Memories of past elections flood back. Margaret Thatcher cradling a calf for a photo opportunity and her husband Denis drily observing "Keep that up for much longer and we'll have a dead calf on our hands."

Harold Wilson rhetorically asking an election rally "Why do I say the future of the Royal Naval Dockyards is safe?" and a voice from the crowd yelling before he could answer himself: "Because you are in Chatham" -- the home of one of Britain's dockyards!

Then there was Conservative leader Edward Heath in 1970 being told that somebody had thrown an egg at Wilson. He commented: "Since the prime minister's movements are being kept secret for security reasons that just shows how desperate the British people are -- they are carrying eggs in their pockets merely on the off-chance of encountering the prime minister." It was probably Heath's first and last recorded joke.

Day One has set the tone for this election. Tony Blair emphasized in Downing Street on his return from the palace that there was a "Big Choice" facing the British people.

Of course he did. The one thing he doesn't want is for this election to become a referendum on him and his government. He wants to emphasize the contrast between him and Michael Howard. Labour's strategists are hoping that Michael Howard's role in the Thatcher and Major governments will count against him -- hence their rather ungrammatical slogan "Forward with Labour -- not back."

Howard has clearly been listening to the focus groups. It seems that a number of people are irritated by Tony Blair's sometimes over-ready smile. So the Conservative leader opened his campaign by effectively offering to "wipe the smile off Tony Blair's face." He talked of "smirking politics" and added: "Mr Blair is already secretly grinning about the prospect of his third victory. But you don't have to settle for that."
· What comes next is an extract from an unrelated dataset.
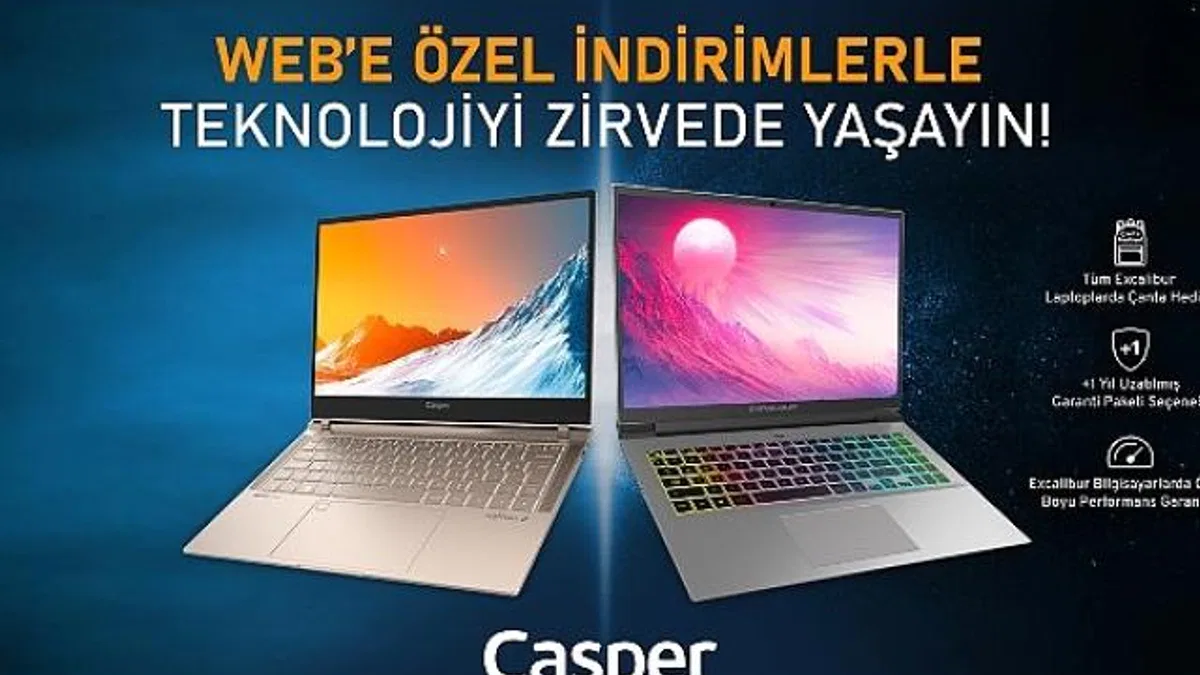 Casper'dan Oyun Tutkunları ve Profesyoneller İçin Web'e Özel Ayrıcalıklı Avantajlar!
Charles Kennedy, Leader of the Liberal Democrats, hopes to stir a "plague on both your houses" mood and insisted: "I'm not going to spend these next few weeks, precious weeks of democratic electioneering, going around talking Britain down. I'm going to be addressing people's hopes, not playing on people's fears."

The Liberal Democrats usually gain support during an election campaign because they get a degree of attention the media denies them at other times. But getting across their different policies sharply enough will be their problem. The former Liberal Democrat leader Paddy Ashdown told me once "I'd sell my grandmother for a bit of definition."

Anyway, we are in for the sharpest, most strongly contested election since 1992. And there is nothing quite so enjoyable for political groupies like me as the naked contest for power. It may say something about the respective styles that while Americans "run for office," Britons "stand for parliament." But this campaign won't lack vigor or excitement.